BRIEF ANSWERS FOR TEST 2

• T or F?
  • F. The speed for A and B is the same constant value. Therefore they both experience only centripetal acceleration, which is directly proportional to curvature and to the square of speed. Since they have the same speed, only the curvature matters. The curve travelled by A has twice the curvature, so A experiences TWICE (not four times) the acceleration that B experiences.
  • F. Torsion = -(dB/ds) dot N, so if the binormal turns toward N then torsion is negative.

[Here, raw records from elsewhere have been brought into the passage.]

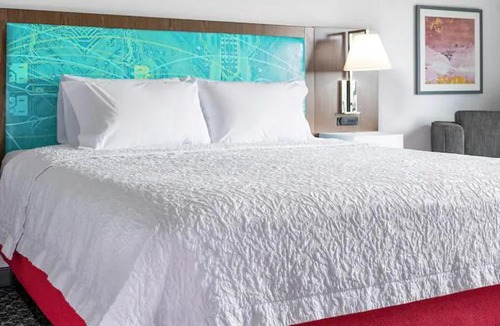 Wickatunk Hotel | Hampton Inn Old Bridge NJ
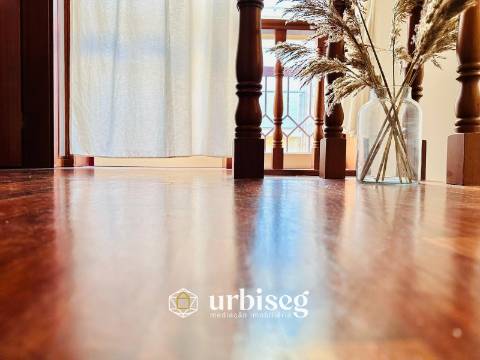 VIVA COM VISTA, SINTA A PRAIA – T1 DUPLEX NA ZONA MAIS NOBRE DA FIGUEIRA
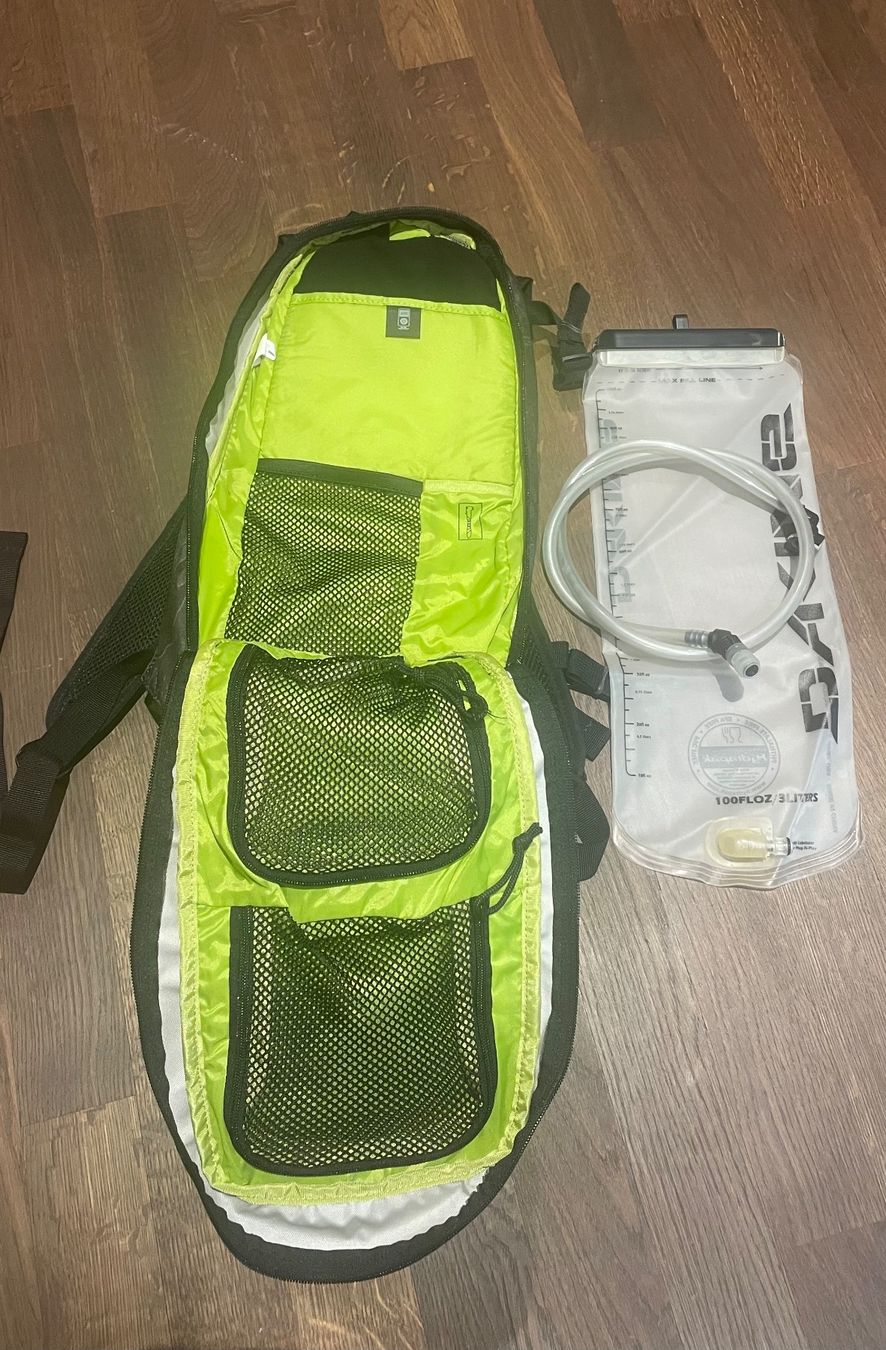 Dakine Sacs à dos: Dakine Drafter Rucksack mit Beutel 3 Liter – Neuf (Voir description) à Domat/Ems par Emser66 1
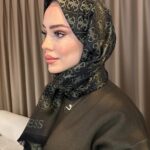 Guess Desenli İpek Kaşmir Çift Taraflı Şal - Haki-Siyah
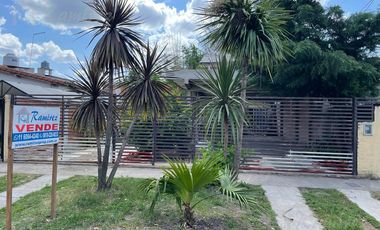 Casa 3 Amb. Y Depto 2 Amb.  Sobre Terreno de 385 m2 En Venta - Castelar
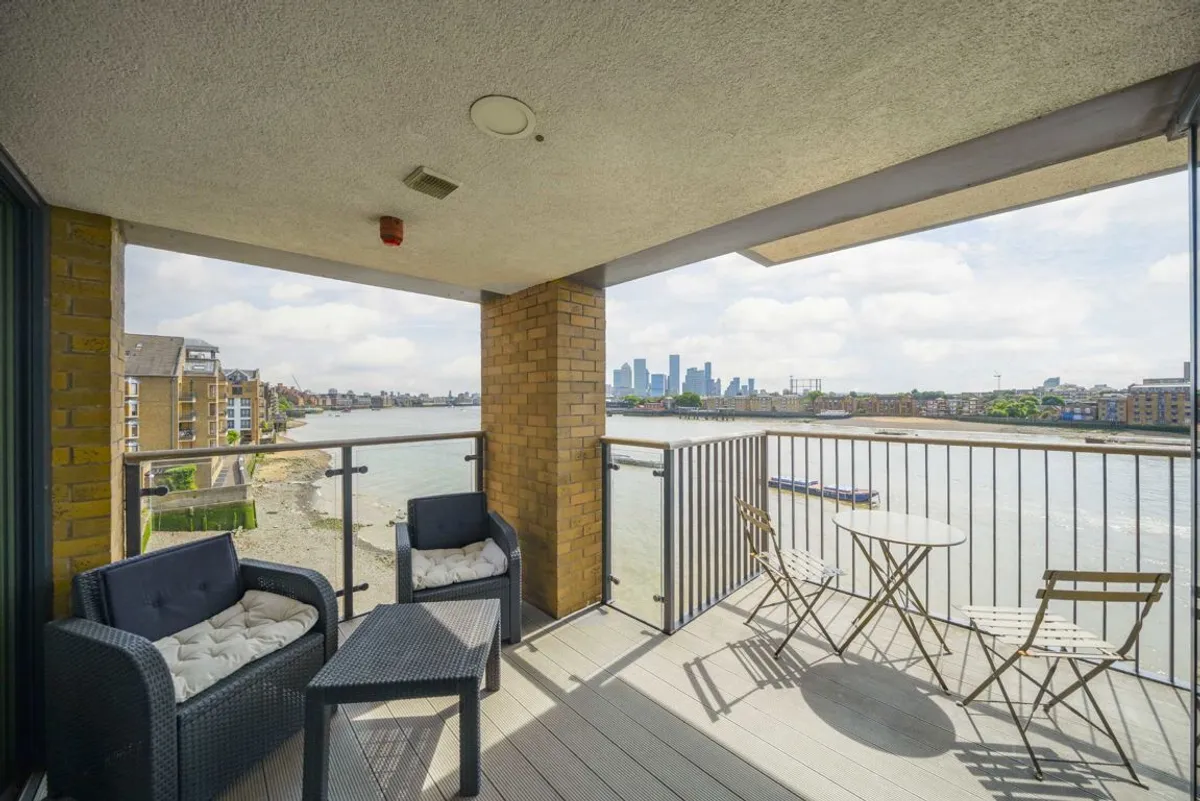 Flat Wapping High Street in Greater London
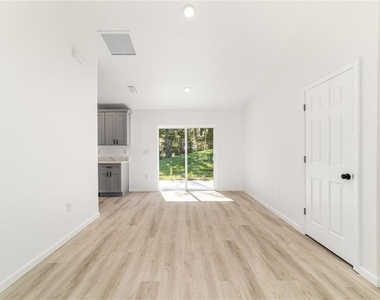 15388 Sw 26th Place - Photo Thumbnail 9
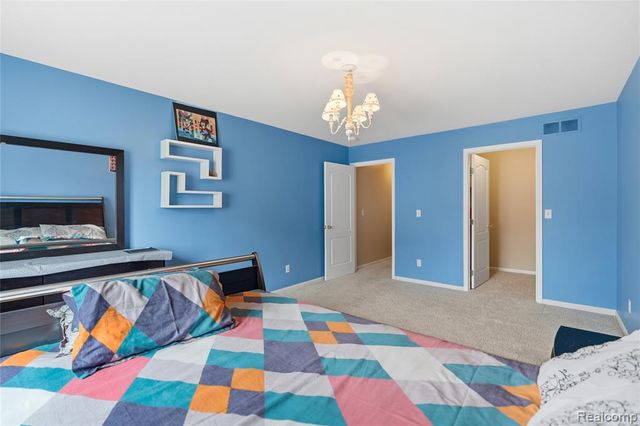 4337 Meadowbrook Court, Grand Blanc, MI 48439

• Let p(t) = (e^t*cos(t), e^t*sin(t), e^t). For simplicity, we will occasionally abbreviate the functions e^t, cos(t) and sin(t) by: e, c, s respectively. Thus p(t) = (ec,es,e). Now v(t) = p'(t) = (ec-es,ec+es,e). Therefore |v| = square_root((ec-es)^2 + (ec+es)^2 + e^2) = (square_root(3))*e^t. Since we want to find the arc length of the curve between (1,0,1) (at t=0) and (e^(2*Pi),0,e^(2*Pi)) (at t=1), we must integrate (square_root(3))*e^t from t=0 to t=1. The answer is (square_root(3))*(e^(2*Pi) - 1).

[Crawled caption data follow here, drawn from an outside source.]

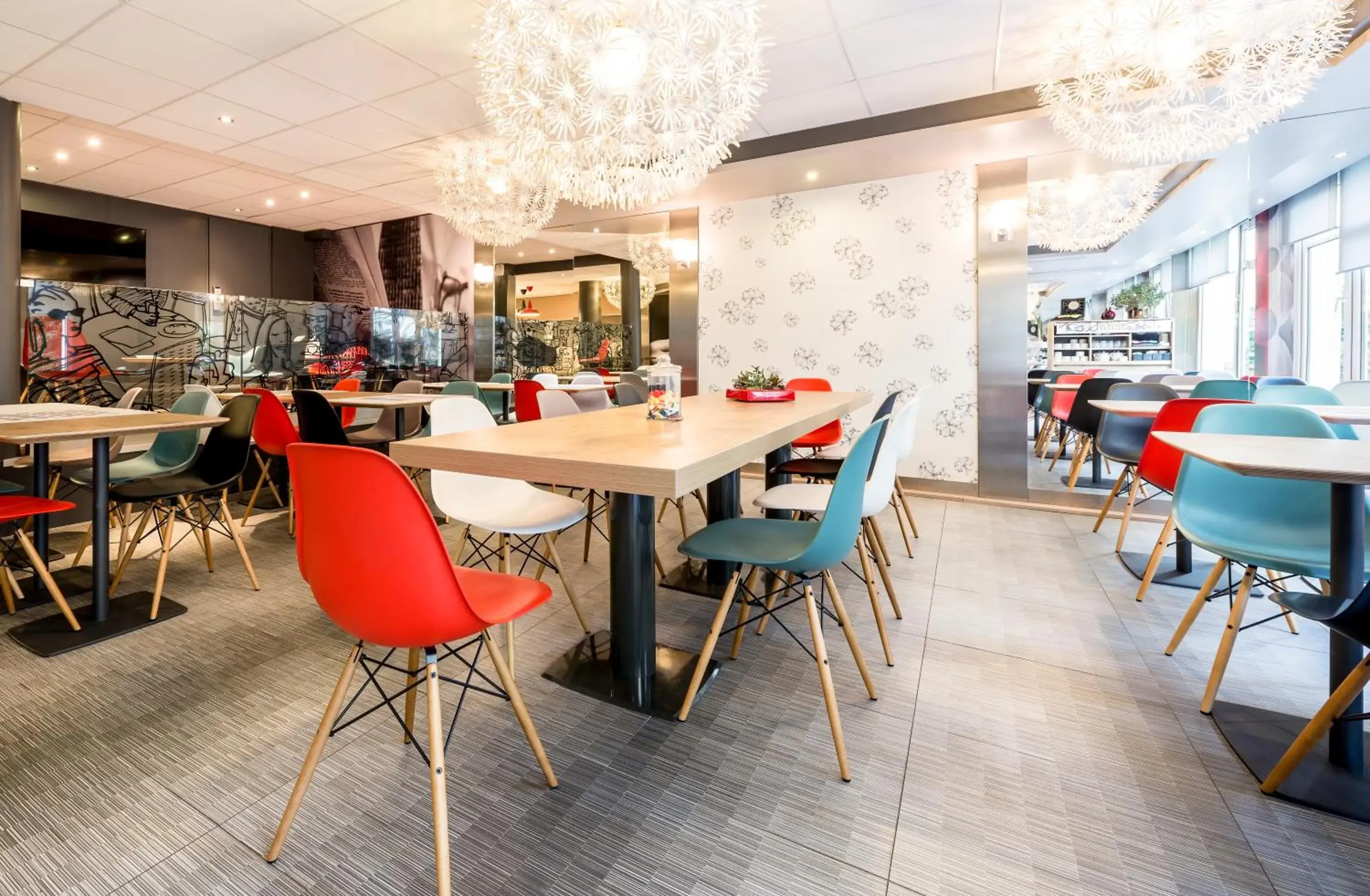 Restaurant/places to eat in ibis Paris Vanves Parc des Expositions Restaurant/places to eat in ibis Paris Vanves Parc des Expositions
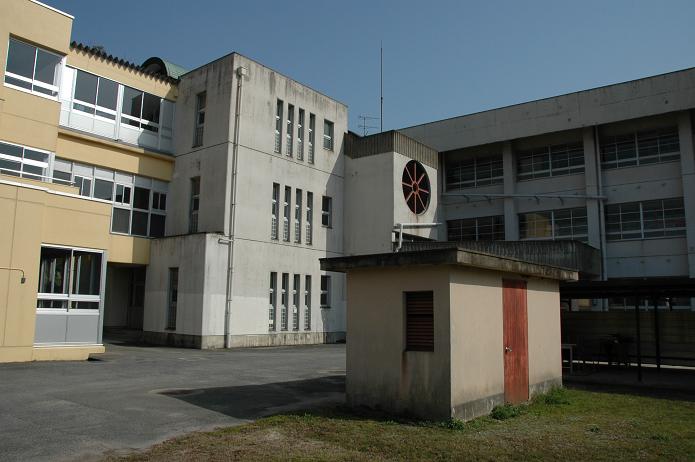 太宰府中学校_a0042310_8301983.jpg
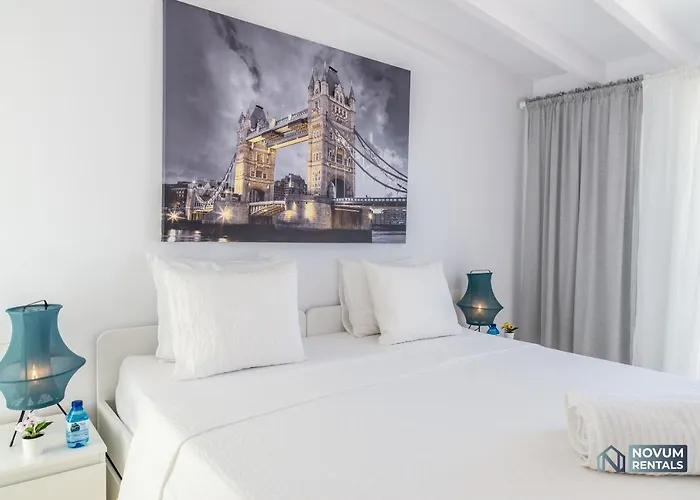 Duplex In Nueva Andalucia, Golfers Paradise Marbella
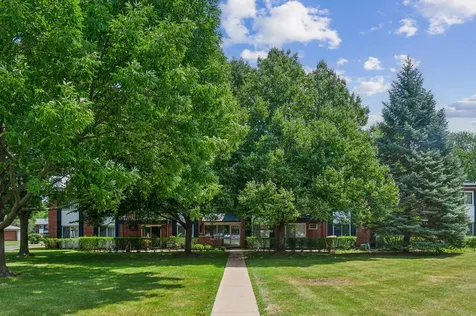 2434 Brandenberry Court Arlington Heights IL 60004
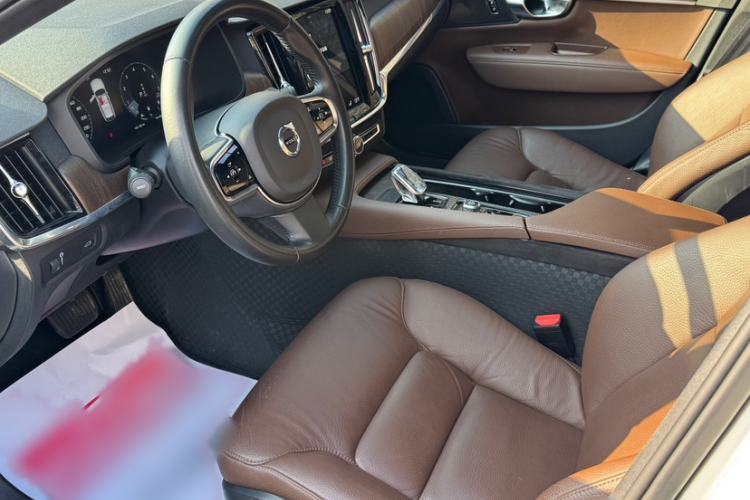 Used Volvo V90 2021 Cross Country B5 AWD Smart Range Edition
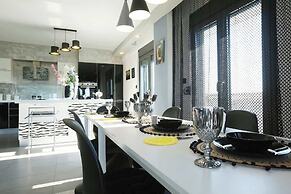 Villa Erytha - Serene Retreat With Views Garden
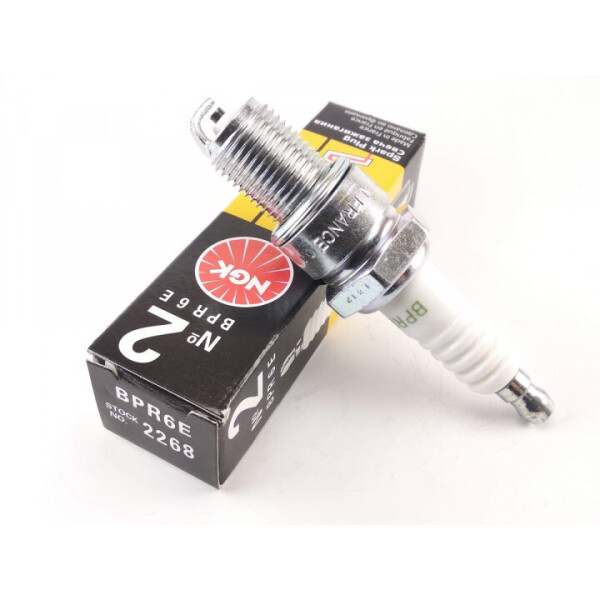 

Cвеча зажигания NGK BPR6E (2268)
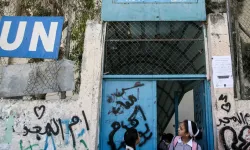 İsrail, Şuafat’taki UNRWA okullarını kapatma kararını uygulamaya başladı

• We need to find the TNB frame at t=0 for a particle travelling according to p(t) = (ec,es,e). From the last problem: T(t) = v/|v| = (ec-es,ec+es,e)/(square_root(3)*e) = (1/square_root(3))*(c-s,c+s,1), so T(0) = (1/square_root(3))*(1,1,1). Next, N(t) = T'(t)/|T'(t)| = [(1/square_root(3))(-c-s,c-s,0)]/(square_root(2/3)), so N(0) = (1/square_root(2))*(-1,1,0). B(0) = T(0) x N(0) = (1/square_root(6))*(-1,-1,2).
• Again p(t) = (ec,es,e).
  • This curve consists of the points on the cone z^2 = x^2 + y^2 which lie above a logarithmic spiral in the xy-plane.
  • kappa = |T'|/|v|. We computed T' in the previous problem and |v| in the problem before that, so kappa = |(1/square_root(3))(-c-s,c-s,0)|/[square_root(3)*e^t] = (square_root(2)/3)*e^(-t).
  • There are many ways to express the answer in the previous part so that we can see that the answer depends on the position only, and not on time. For example: if the position is (x,y,z), then kappa = (square_root(2)/3)*z^(-1) is one such way.
• H(x,y) = 2*x*y/(x+y)
  • The limit of H(x,y) as (x,y) goes to (0,1) exists (and equals H(0,1) = 0), since H(x,y) is continuous at (0,1). This is because it is a ratio of polynomials and the denominator is not zero at (0,1).
  • The limit as (x,y) goes to (0,0) does not exist since if we approach (0,0) along the line y = x we get lim_(x goes to 0) 2*x*x/(x+x) = lim_(x goes to 0) x = 0. However, if we travel along y = -x+x^2 we get lim_(x goes to 0) 2*x*(-x+x^2)/(x-x+x^2) = lim_(x goes to 0) 2(-1+x) = -2. Since different paths give different answers, there is no limit.